Some Wish venues have a more traditional stage element than others. Take, for example, dinner theater: The ship’s “Arendelle: A Frozen Dining Adventure” offers what Disney calls a “theatrical dining experience.” 

Dinner theater, Disney style

According to Whitlow, the Arendelle restaurant raises the bar on the success Disney has had with previous dinner-and-a-show concepts like “Rapunzel’s Royal Table” and “Tiana’s Place,” which are aboard the Disney Magic and Disney Wonder, respectively. 

“Those were built years and years ago and were not created with an infrastructure for entertainment, but Arendelle was,” explained Whitlow.

Arendelle’s centerpiece is, in fact, an elevated stage, which is surrounded on all sides by dining tables, theater-in-the-round style. That doesn’t mean that the entertainment — which features musical appearances from “Frozen” favorites like Elsa, Anna, Olaf and more — sticks solely to the stage. Characters also take breaks to weave through the audience, interacting with diners and creating a more intimate experience.
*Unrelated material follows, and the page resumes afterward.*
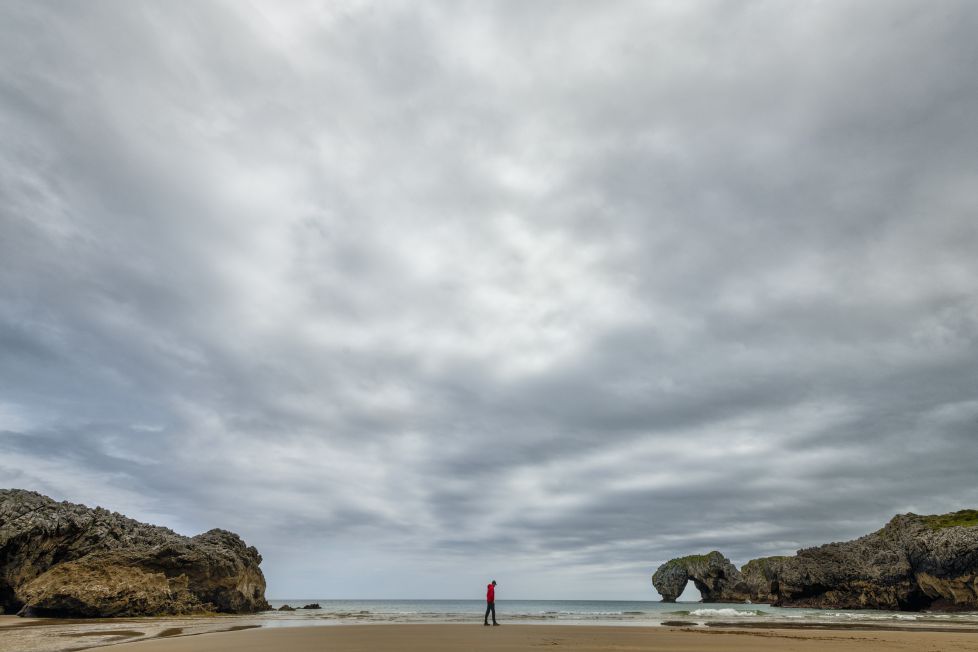 DONDE ESTA EL VERANO ???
  • Related: The Wish is a whole new world for Disney Cruise Line

The "Arendelle: A Frozen Dining Adventure" dinner theater experience brings the world of "Frozen" to life.

The Grand Hall theater

A classic stage is also the star of the Wish’s Grand Hall, the ship’s atrium equivalent. But as with Arendelle, the Grand Hall’s entertainment programming can extend well beyond the boards.
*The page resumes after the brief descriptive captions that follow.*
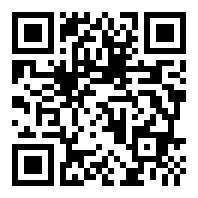 斗罗玉转3D漫画画读漫画土豪漫画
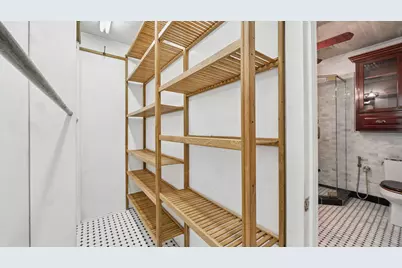 103 Gulf Point Road, Santa Rosa Beach, FL 32459 - Photo 31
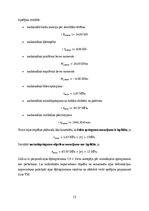 Referāts 'Koka sijas aprēķins', 12.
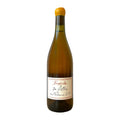 In Albis sulle bucce - THE EARTH WINE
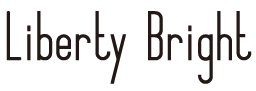 Liberty Bright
Denise Case, Disney Cruise Line’s director of entertainment creative, described the Grand Hall as an “environmental theater,” with characters, storytelling and interactive experiences able to pop up throughout the space, which is inspired by fairy-tale castles. 
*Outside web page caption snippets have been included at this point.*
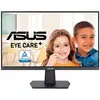 მონიტორი Asus 90LM0550-B04170 VA27EHF, 27", Monitor, FHD, IPS, HDMI, Black  - Primestore.ge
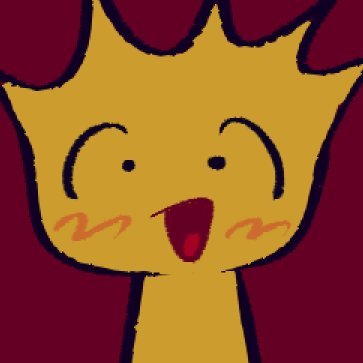 lynnさんのプロフィール画像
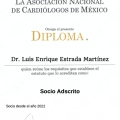 Ampliar imagen: certificate 5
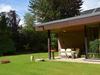 Villa Patio Et Jardin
“We knew that we could do more than just meet-and-greets,” said Case. “It just opened up a world of possibilities for us.”

One of the Grand Hall’s more memorable interactive moments involves wishing wands, which are distributed to children on the ship. On the first night of each sailing, children are invited to participate in a wand ceremony to “wake up the enchantment of the Grand Hall,” which comes alive using special lighting effects, according to Case.

She added that there will also be other “little moments scattered in between the voyage, so there’s enchantment every day in the Grand Hall. And there will also be other magical, enchanted moments that happen on your final night of the cruise.”

A new vantage point

In addition to the Grand Hall, the Wish’s upper decks have received a redesign that similarly puts entertainment at the forefront. To give guests better vantage points from which to enjoy shows like the Wish’s “Set Sail on a Wish” sail-away deck party, Disney Cruise Line opted for a tiered pool deck.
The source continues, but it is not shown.